CURIOUSER & CURIOUSER - ALICE
Prints, Drawings & 3D objects by
GOSIA WLODARCZAK SARNECKA & SANDRA LEE MURPHY
29th October - 12th November, 2000 at IMPRESSIONS GALLERY
Reviewed by  Jan Altmann

Anyone who believes that art should be fun should visit the Impressions Gallery, fall down a rabbit hole, and join the Mad Hatter’s tea party created and hosted by Gosia Wlodarczak Sarnecka and Sandra Lee Murphy.  This exhibition does not just consist of pictures on walls or objects on pedestals. It is a total environment in which paper chairs hang from the ceiling, images trail across the floor, cups are incapable of holding tea and narratives must be read from right to left.

The centrepiece is a work by Gosia.  This is a patchwork of plastic panels suspended from the ceiling.  Each panel is an individual composition, and the first impression is that many different styles are involved with only a general relationship between the panels.  Careful reading, however, reveals that this is the doorway through which the viewer is invited to enter and to join the tea party.  There is the hallway where one hangs one's hat and coat, there is a vase of flowers on the table and there are two figures already enjoying their cups of tea.  On the right hand side there are three plain white panels which represent the printing legend.  This adds a particularly quirky touch.  It draws attention to the fact that this is printmaking, but since the panels are blank, it also raises questions about the magic of creating art from nowhere and about the pitfalls of trying to interpret it.

Another 'quirky' touch is that the plastic panels are joined by crochet using plastic thread. The piece is entitled Quilt – Transit Zone, and this draws attention to the fact that quilting, like crochet, is a traditional female activity.  The actual images, however, are produced by various means including ink jet printing. By choosing this combination of techniques and materials Gosia refers to the transitional space occupied by all those living at the beginning of the twenty-first century, but particularly those of us who are women.  Women are still engaged in activities such as crochet, quilting and giving tea parties as well as being part of a computerized world of ink jets and e-mail.

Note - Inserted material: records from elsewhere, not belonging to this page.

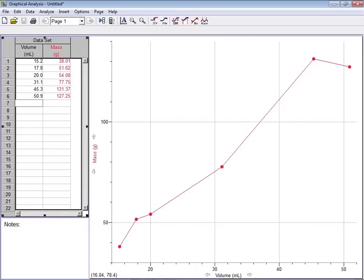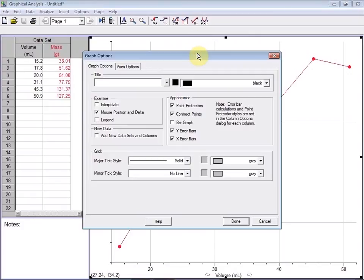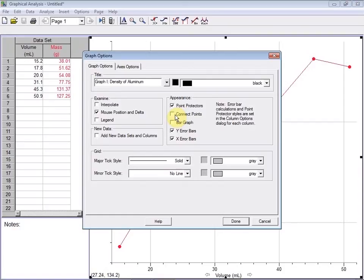Notice that the graph axes labels and units come from the data table labels and units, but we're still missing an appropriate title. Double-click on the graph to open the graph options window. Here we can give our graph its title, and we can turn off the Connect the Dots line by unchecking Connect Points. By clicking on the axes options tab, we can also view or edit options regarding our axes scales, something you'll need to do if you plan on extrapolating from your graph.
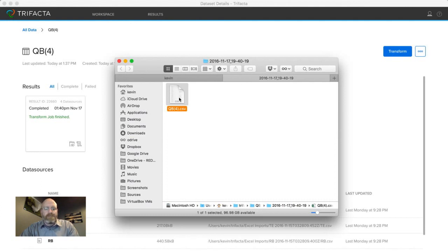So that's how you can use a tool like Trifacta to union four different data sets together and align all the columns accordingly. Thanks for watching.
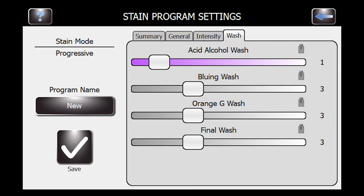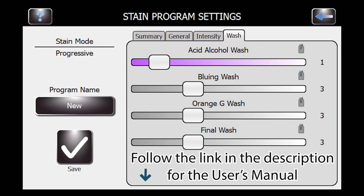That covers the 11 settings the machine has. Cleanliness is important — the acid alcohol wash is what you want to increase a little bit, and that varies depending on whether you're using regressive or progressive staining. I would read up on those to be familiar. The manual appendix has some really good information about each stain, the washes, acid alcohol, and how they work.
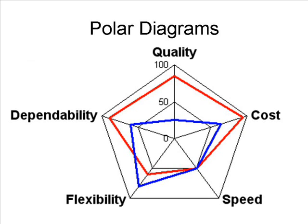When we look at the blue, we can see that for dependability, quality and cost, the blue organization is falling way behind the red company and is also performing very poorly. With flexibility, it's performing actually quite well ahead of the red organization, still falls short of 100% capacity. But that's not a bad performance according to this chart.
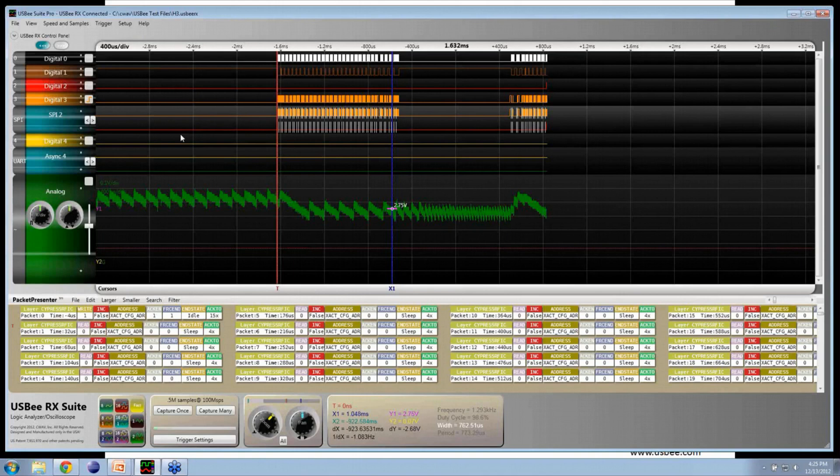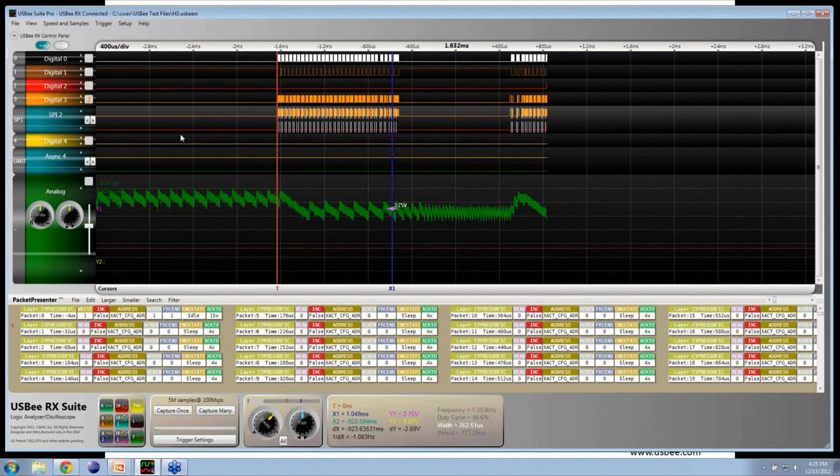You can see that it looks pretty ugly. We have some pretty good spikes on the charge pump. You can see that in action, trying to keep it up to the right level.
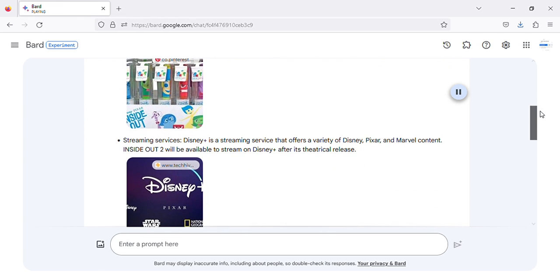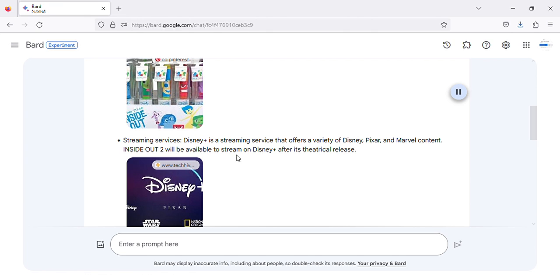Streaming Services: Disney Plus is a streaming service that offers a variety of Disney, Pixar, and Marvel content. Inside Out 2 will be available to stream on Disney Plus after its theatrical release.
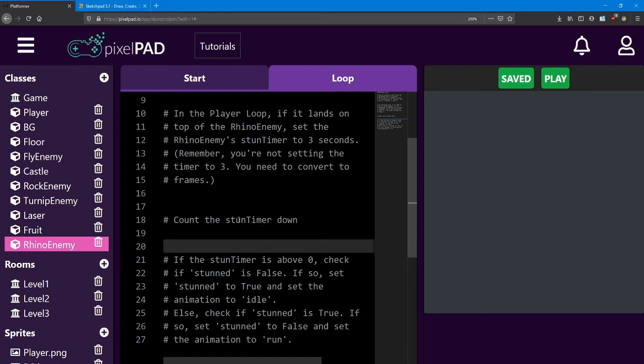During this time, the stun timer will be counting down. With an else statement, check if stunned is true. The else takes care of whether the stun timer is below 0 or equal to 0. In either case, we want to do the switch back.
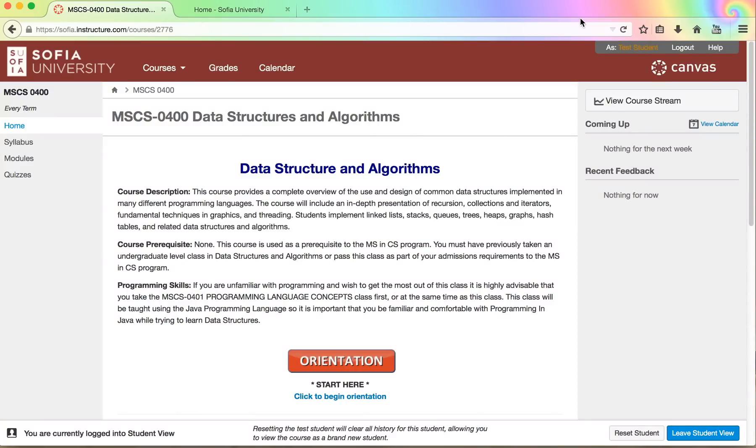Hello and welcome to the Data Structures and Algorithms course at Sophia University. This course is a prerequisite course for the MS in Computer Science program. It's also a good course to take to understand data structures and algorithms. Hopefully you will enjoy it.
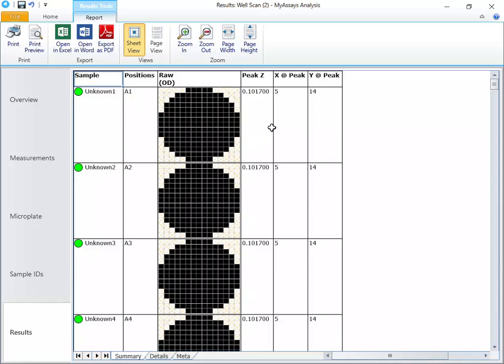peak Z, which refers to the peak measurement value currently set to the highest measurement value, X at peak, which refers to the X value at the highest measurement value, and Y at peak, which refers to the Y value at the highest measurement value.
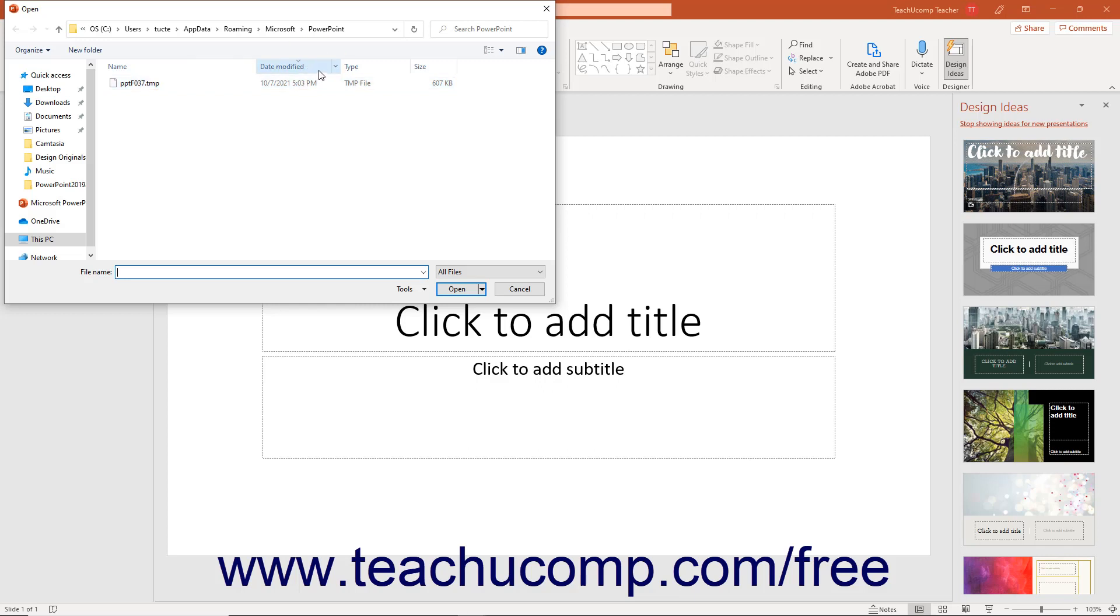Then choose the copy to recover from the list and click the Open button in the Open dialog box to reopen the recovered copy.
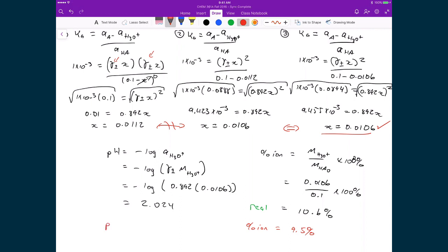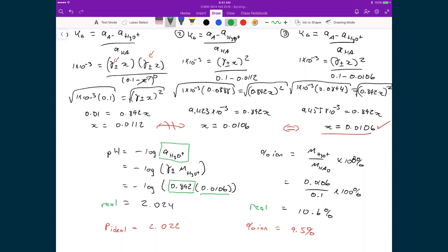When we calculate the pH, remember our pH in the ideal case was 2.022. Now that we account for ions in solution, our pH actually went up, meaning this solution is actually less acidic than predicted in the ideal case. That's because pH is based not on the concentration of H3O+ but on its activity. Even though the concentration of H3O+ got higher due to ions in solution, its effective concentration — its activity — got lower because H3O+ is partially shielded by the other ions, diminishing its effect.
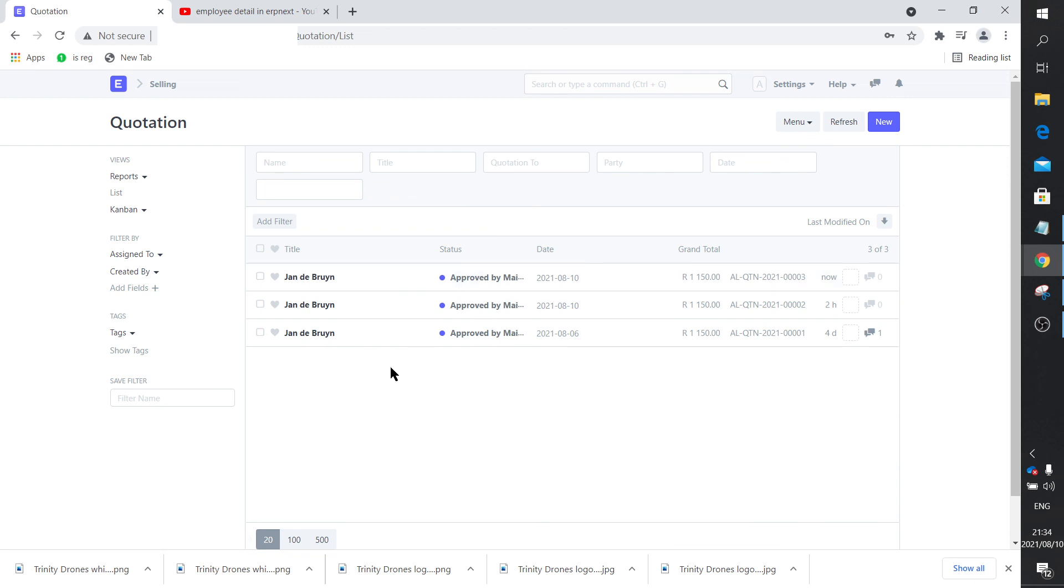So that's a very simple workflow example to show how one can actually have a bit more control about approving documents within ERPNext. I hope that was helpful.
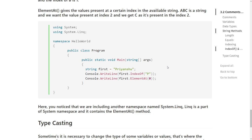The 'ElementAt' method works in the opposite direction — you pass an index value and it returns the character present at that index position in the string.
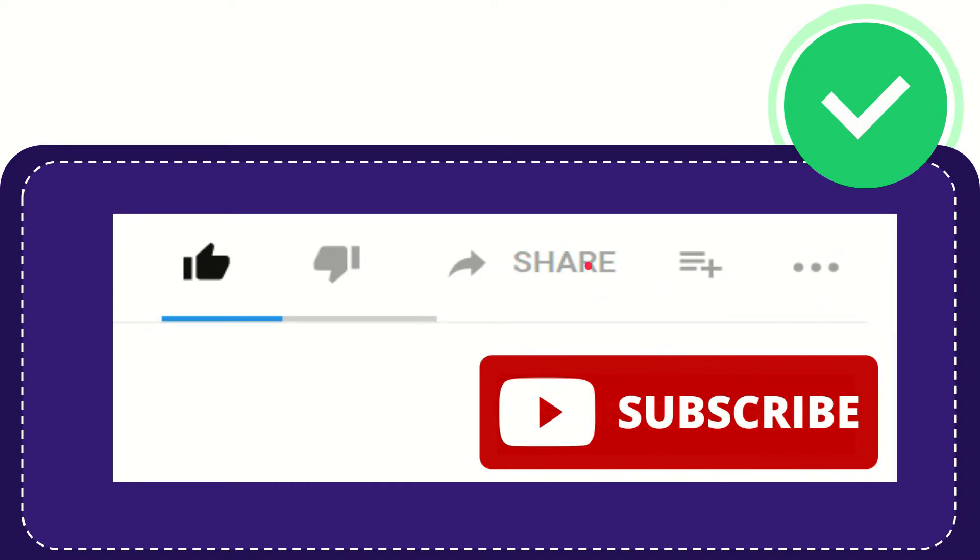I think that's all of it. Thank you so much for watching this video and see you again in another video. Bye-bye, see you again.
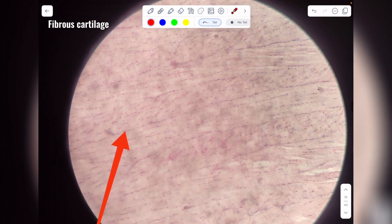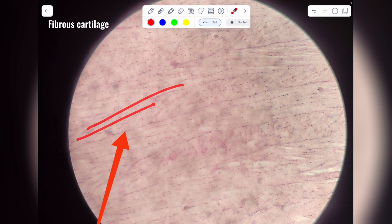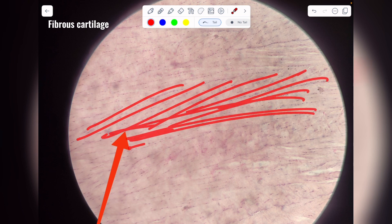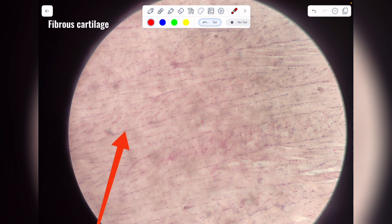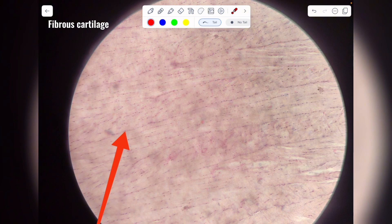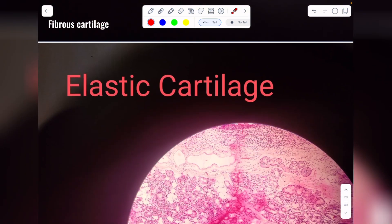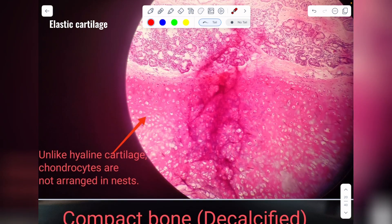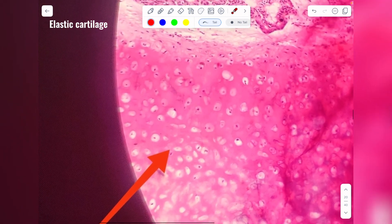In fibrous cartilage, there is large deposition of white fibrous connective tissue. What you see here are white fibrous connective tissue fibers, and on these fibers you can see dots arranged in a streak-like pattern — these are the chondrocytes arranged in a line or chain. So this is your fibrous cartilage.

Sandra-Lee is also concerned with traditional female crafts, and with transitional states.  She has made a set of four relief prints entitled Tapestry of the Day.  These prints are of tea bags arranged in elegant rows reminiscent of tapestry.  Several of Sandra-Lee's works have titles which refer to memory or to the passing of time.  This is yet another way of engaging with the mysteries of different stages and levels of consciousness.

One of her works is a small plastic "cupboard" divided into shelves and spaces, and containing objects like wire cups.  This is made from industrially produced material, but it refers back to the old-fashioned china cabinet.

There cannot be a tea party without chairs and a table, and here again there are unexpected combinations of materials.  The table (by Gosia) is covered with another set of plastic panels crocheted together with nylon thread.  Above the table is a lino-cut print (also by Gosia), in which a central panel appears to have been left blank. The two chairs (by Sandra-Lee) are made from wire mesh or from paper.  The paper chair is entitled Shadow of the Day.  It is 'sculptured' in white paper with an abstract design printed onto it in black.  The print represents the shadow, but the insubstantiality of a paper chair raises questions about the nature of reality and unreality in relation to everyday objects.

curiouser & curiouser is about transitional and altered spaces, times and conditions.  To emphasize this the far wall is taken up with a series of drawings of coffee cups by Gosia.  This consists of nine panels, each one showing cups and saucers spinning, spiralling, growing, shrinking, floating and sinking.  The total effect is quite hypnotic.  On the side walls are more drawings of cups and saucers.  This time the works are hung at different levels to place the viewer in the position of Alice as she grew large and then diminished in size.

This is a humorous and witty show.  It explores serious philosophical questions about the human experience of time and space, but it does so in a most enjoyable way.